- _WORK ITEM_
Each record below should be written out again exactly as given.

━━━━━ ENTRIES SHOWN

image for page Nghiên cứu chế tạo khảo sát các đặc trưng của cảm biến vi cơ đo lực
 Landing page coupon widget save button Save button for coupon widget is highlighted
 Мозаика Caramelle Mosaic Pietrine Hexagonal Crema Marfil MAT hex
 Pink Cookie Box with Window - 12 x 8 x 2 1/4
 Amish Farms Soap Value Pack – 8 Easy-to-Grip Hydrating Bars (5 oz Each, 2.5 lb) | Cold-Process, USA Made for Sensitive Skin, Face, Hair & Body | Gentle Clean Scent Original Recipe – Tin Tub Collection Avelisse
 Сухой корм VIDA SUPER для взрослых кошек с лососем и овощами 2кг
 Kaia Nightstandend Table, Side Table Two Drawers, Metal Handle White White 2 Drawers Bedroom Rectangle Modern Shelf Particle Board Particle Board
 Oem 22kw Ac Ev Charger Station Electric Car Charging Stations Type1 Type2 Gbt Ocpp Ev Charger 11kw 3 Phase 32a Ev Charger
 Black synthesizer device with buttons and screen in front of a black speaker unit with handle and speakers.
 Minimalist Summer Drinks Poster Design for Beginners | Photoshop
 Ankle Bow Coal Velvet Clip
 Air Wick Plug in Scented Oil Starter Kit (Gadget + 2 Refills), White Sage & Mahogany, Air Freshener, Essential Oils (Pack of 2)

━━━━━━━━━━

- _PROBLEM SOLUTION_
image for page Nghiên cứu chế tạo khảo sát các đặc trưng của cảm biến vi cơ đo lực
 Landing page coupon widget save button Save button for coupon widget is highlighted
 Мозаика Caramelle Mosaic Pietrine Hexagonal Crema Marfil MAT hex
 Pink Cookie Box with Window - 12 x 8 x 2 1/4
 Amish Farms Soap Value Pack – 8 Easy-to-Grip Hydrating Bars (5 oz Each, 2.5 lb) | Cold-Process, USA Made for Sensitive Skin, Face, Hair & Body | Gentle Clean Scent Original Recipe – Tin Tub Collection Avelisse
 Сухой корм VIDA SUPER для взрослых кошек с лососем и овощами 2кг
 Kaia Nightstandend Table, Side Table Two Drawers, Metal Handle White White 2 Drawers Bedroom Rectangle Modern Shelf Particle Board Particle Board
 Oem 22kw Ac Ev Charger Station Electric Car Charging Stations Type1 Type2 Gbt Ocpp Ev Charger 11kw 3 Phase 32a Ev Charger
 Black synthesizer device with buttons and screen in front of a black speaker unit with handle and speakers.
 Minimalist Summer Drinks Poster Design for Beginners | Photoshop
 Ankle Bow Coal Velvet Clip
 Air Wick Plug in Scented Oil Starter Kit (Gadget + 2 Refills), White Sage & Mahogany, Air Freshener, Essential Oils (Pack of 2)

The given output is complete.